Directions for this task => Your answer must be the full listing, word for word, with no images in it.

Records for this exercise =>
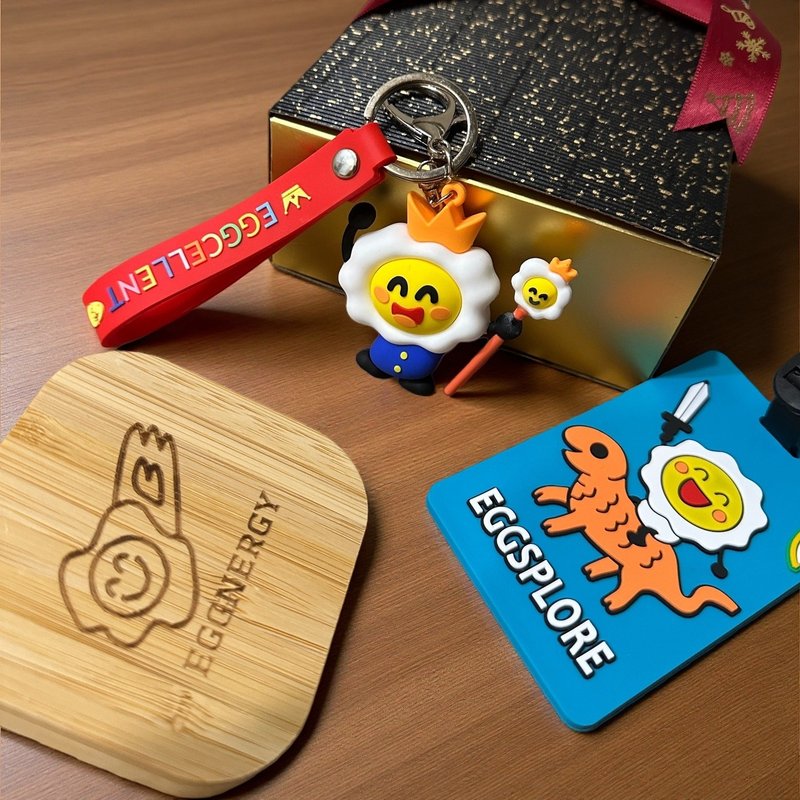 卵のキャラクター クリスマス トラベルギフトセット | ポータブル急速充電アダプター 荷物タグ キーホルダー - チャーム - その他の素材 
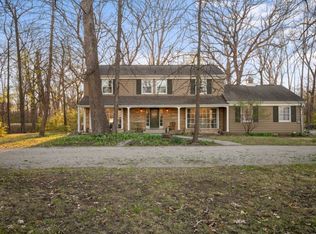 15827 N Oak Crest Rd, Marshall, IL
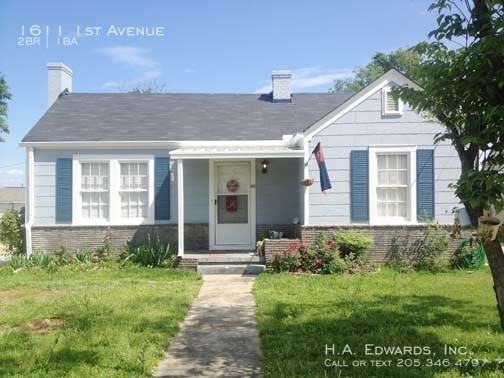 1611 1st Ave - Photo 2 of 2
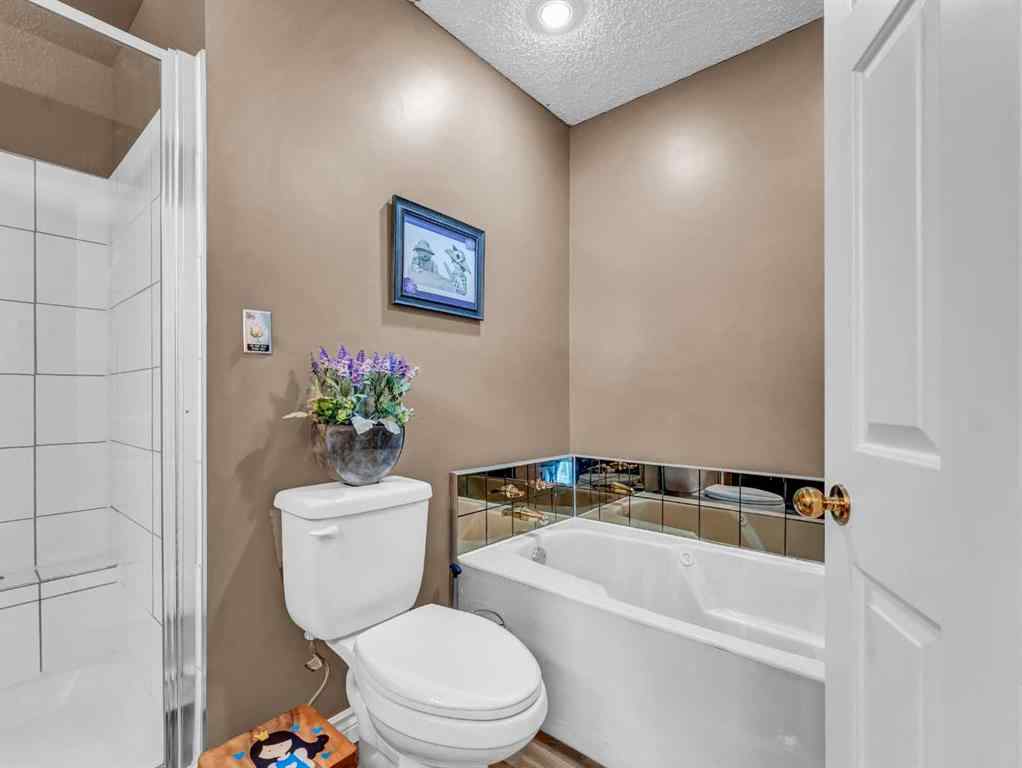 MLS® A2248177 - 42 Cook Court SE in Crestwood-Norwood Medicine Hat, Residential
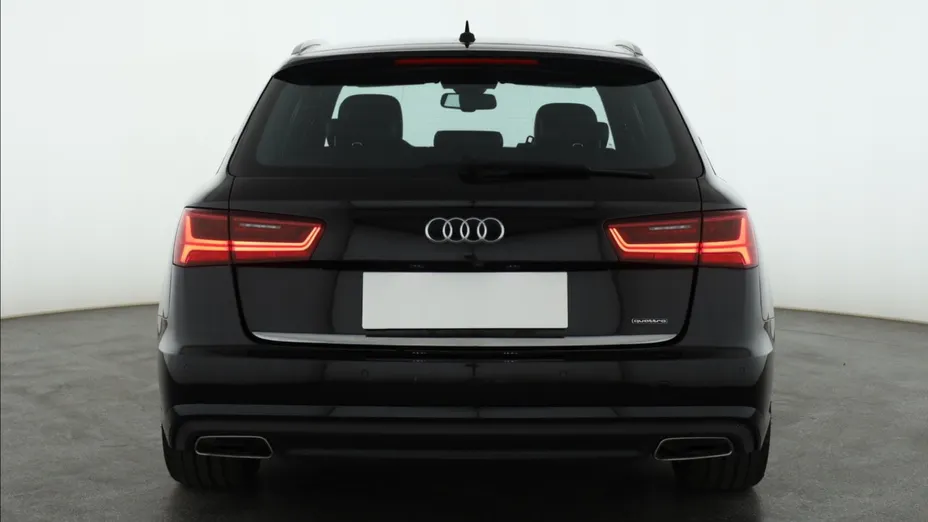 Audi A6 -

Answer to this task =>
 卵のキャラクター クリスマス トラベルギフトセット | ポータブル急速充電アダプター 荷物タグ キーホルダー - チャーム - その他の素材 
 15827 N Oak Crest Rd, Marshall, IL
 1611 1st Ave - Photo 2 of 2
 MLS® A2248177 - 42 Cook Court SE in Crestwood-Norwood Medicine Hat, Residential
 Audi A6 -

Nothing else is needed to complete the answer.